*Task*: Repeat the data that follows in full. Do not include the pictures.

*Data excerpt*:
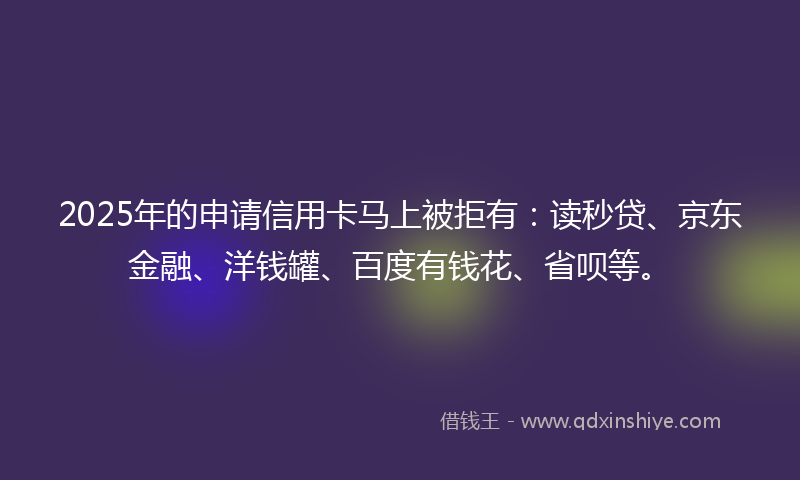 2025年的申请信用卡马上被拒有：读秒贷、京东金融、洋钱罐、百度有钱花、省呗等。
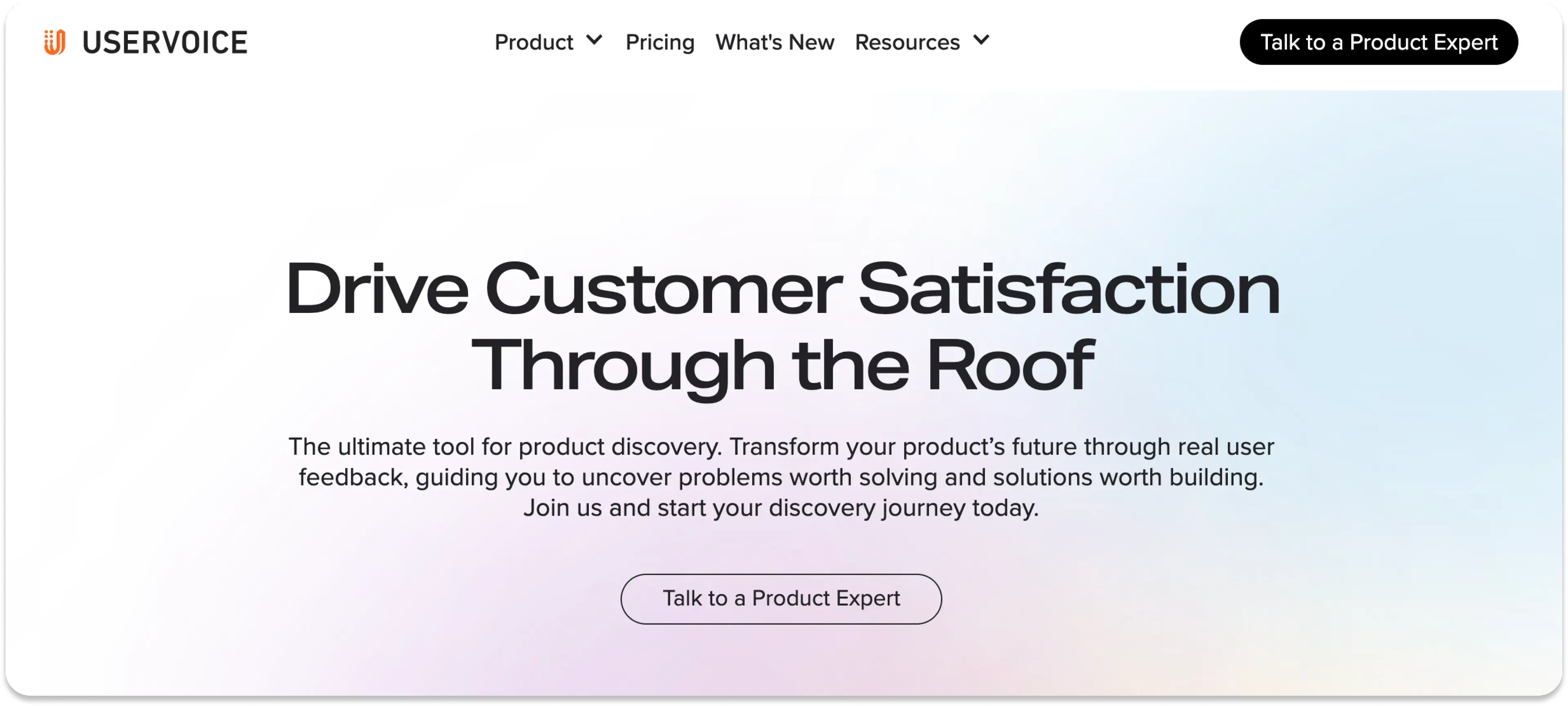 Uservoice homepage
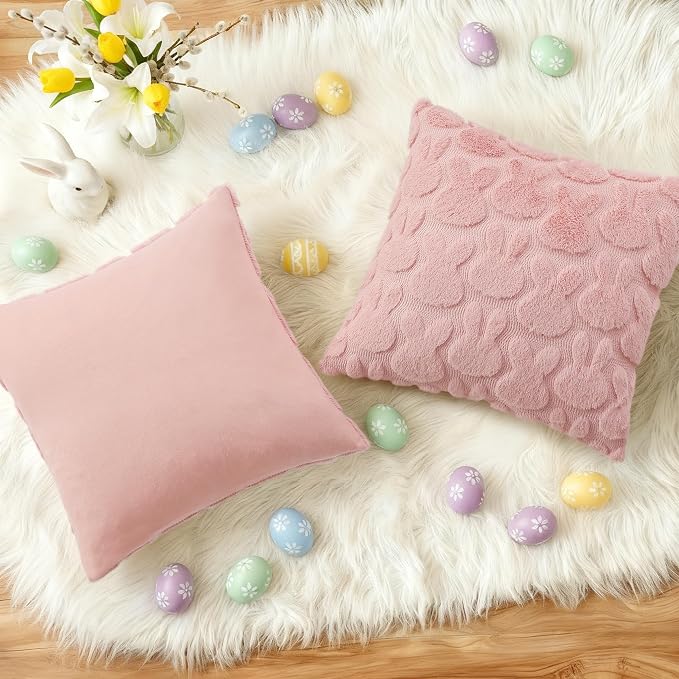 decorUhome Pink Faux Fur Bunny Throw Pillow Covers 16x16 Set of 2 | Plush Soft Wool Jacquard Pink Rabbit Cushion Covers, Modern Farmhouse Easter Holiday Decor PillowCases for Sofa Bed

*Reply to the exercise*:
 2025年的申请信用卡马上被拒有：读秒贷、京东金融、洋钱罐、百度有钱花、省呗等。
 Uservoice homepage
 decorUhome Pink Faux Fur Bunny Throw Pillow Covers 16x16 Set of 2 | Plush Soft Wool Jacquard Pink Rabbit Cushion Covers, Modern Farmhouse Easter Holiday Decor PillowCases for Sofa Bed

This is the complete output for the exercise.